Textuality » 5ALS Interacting
Try to answer these questions in a text:
1) Find in the novel the point where Fiona decide to break the professional rule
2) Why Adam is so shocked by her?
3) Why did Fiona kiss him?
“She would have liked to see this boy for herself, remove herself from a domestic morass, as well as from the courtroom […] She dismissed the idea as she turned from the window to go back to her couch.” (The Children Act, pages 35-36)
“Given the unique circumstances of this case, I’ve decided that I would like to hear from Adam Henry himself. […] also, he should know that he is not in the hand of an impersonal bureaucracy. I shall explain to him that I am the one who will be making the decision in his best interests.” (The Children Act, page 85)
Fiona decides to break professional rules because she wants to be a human; she does not want to be a law’s instrument, but only a woman.
You cannot clearly understand if her love for Adam is a sort of rebellion to answer to her husband’s betrayal.
When she think about the reasons why her relationship is at the end, she doesn’t find answers inside her conjugal sphere because she build up alibis starting from her work and the stress that it implies.
Fiona wants to stop being an object; she wants to be a lover and start to live. She is sick to decide, to organize life according to decisions. She would life in a thoughtlessly way.
Fiona, going on reading, lose her challenge. She know that her relationship with Adam is wrong. The kiss the focus of existential dilemma she lives.
She is unable to stay with other people because of her work. She knows human being’s brutality and she wants to drive away from everything.
When the reader analyses page 35 he/she knows that Fiona’s afterthought is insubstantial. Or rather, the reader understands that in a way or in another, Fiona is involved into the case. At page 85 the judge outright states her willing: she will visit the boy in “his best interests”. In reality, the visit is in Fiona’s interests, because she is resolute to understand Adam’s strength and brave.
Fiona save the boy from depth, she gives him new strength. Adam touched by Fiona’s action falls in love with her. She returns love, but she surrenders herself and to her professional life. Fiona prefers to reconcile with her husband, rather than risk an awkward relationship with Adam. Fiona’s defeat brings with it also Adam’s surrender.
Make a comparison with the opening of Charles Dickens’ “Bleak House”
LONDON. Michaelmas Term lately over, and the Lord Chancellor sitting in Lincoln’s Inn Hall. Implacable November weather.
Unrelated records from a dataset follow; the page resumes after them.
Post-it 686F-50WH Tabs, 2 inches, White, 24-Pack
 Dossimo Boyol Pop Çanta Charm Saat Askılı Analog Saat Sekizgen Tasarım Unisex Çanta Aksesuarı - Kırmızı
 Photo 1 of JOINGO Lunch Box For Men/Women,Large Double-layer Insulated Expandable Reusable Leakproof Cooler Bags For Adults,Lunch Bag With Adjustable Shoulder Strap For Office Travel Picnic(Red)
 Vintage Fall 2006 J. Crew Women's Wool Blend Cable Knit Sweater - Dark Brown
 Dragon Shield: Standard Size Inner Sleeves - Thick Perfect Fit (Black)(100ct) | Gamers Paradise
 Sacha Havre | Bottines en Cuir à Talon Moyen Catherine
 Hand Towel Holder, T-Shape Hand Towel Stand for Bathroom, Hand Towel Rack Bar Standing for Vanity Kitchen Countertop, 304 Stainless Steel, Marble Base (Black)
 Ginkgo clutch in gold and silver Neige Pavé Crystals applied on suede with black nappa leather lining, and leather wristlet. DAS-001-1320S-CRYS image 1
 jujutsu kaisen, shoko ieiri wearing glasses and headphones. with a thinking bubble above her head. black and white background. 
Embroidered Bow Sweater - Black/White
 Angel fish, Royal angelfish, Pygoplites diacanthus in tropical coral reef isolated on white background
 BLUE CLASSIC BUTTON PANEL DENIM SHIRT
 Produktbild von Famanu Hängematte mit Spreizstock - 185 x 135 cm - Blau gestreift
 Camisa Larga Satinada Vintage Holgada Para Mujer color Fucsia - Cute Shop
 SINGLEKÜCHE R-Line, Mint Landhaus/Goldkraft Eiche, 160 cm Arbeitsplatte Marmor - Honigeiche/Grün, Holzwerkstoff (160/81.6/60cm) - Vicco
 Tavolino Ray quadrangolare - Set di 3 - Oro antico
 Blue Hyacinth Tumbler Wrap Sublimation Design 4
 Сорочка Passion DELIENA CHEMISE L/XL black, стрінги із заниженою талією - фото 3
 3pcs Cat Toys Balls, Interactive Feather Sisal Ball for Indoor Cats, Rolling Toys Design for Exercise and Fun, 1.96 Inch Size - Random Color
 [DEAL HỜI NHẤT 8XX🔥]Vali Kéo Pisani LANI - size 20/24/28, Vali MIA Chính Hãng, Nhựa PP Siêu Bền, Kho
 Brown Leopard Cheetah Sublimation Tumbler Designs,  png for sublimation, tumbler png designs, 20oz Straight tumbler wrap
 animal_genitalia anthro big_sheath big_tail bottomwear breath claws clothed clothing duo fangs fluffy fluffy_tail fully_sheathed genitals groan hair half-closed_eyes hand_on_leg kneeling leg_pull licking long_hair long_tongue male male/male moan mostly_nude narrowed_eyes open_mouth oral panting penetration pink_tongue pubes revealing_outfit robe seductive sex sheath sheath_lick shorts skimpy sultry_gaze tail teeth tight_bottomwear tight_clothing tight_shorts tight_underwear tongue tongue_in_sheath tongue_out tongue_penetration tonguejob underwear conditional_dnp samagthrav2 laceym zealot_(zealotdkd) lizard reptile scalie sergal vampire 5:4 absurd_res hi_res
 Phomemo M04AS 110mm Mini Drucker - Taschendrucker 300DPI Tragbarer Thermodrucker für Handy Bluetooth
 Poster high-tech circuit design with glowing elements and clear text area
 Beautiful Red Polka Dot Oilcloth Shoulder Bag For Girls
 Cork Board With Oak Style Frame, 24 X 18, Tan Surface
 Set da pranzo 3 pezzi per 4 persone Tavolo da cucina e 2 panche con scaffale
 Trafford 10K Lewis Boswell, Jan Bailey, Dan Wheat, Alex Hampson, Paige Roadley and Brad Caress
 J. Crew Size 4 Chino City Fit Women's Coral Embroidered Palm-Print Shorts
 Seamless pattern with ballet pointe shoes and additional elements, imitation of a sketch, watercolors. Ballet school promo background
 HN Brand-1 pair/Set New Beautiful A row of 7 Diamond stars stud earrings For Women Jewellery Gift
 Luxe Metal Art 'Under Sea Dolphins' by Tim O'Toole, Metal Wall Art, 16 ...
LONDON. TRINITY TERM one week old. Implacable June weather.
Ian McEwan’s opening clearly refers to Charles Dickens’ one. The spatial content in which the reader put the two openings is the same: London. The language code is the juridical one in both the cases. The shortness and concision of the sentences compel the reader to stop and think about the choice of the chronotope. In the imaginary, London is consider the city of the law. McEwan sets his story in summer, nay in June. June open the way to summer and at the same time to the story that starts in Medias res. This is in contrast with the month chosen by Dickens: November. November brings with it the end of the beautiful season, nostalgia, and at the same time the end of the studies.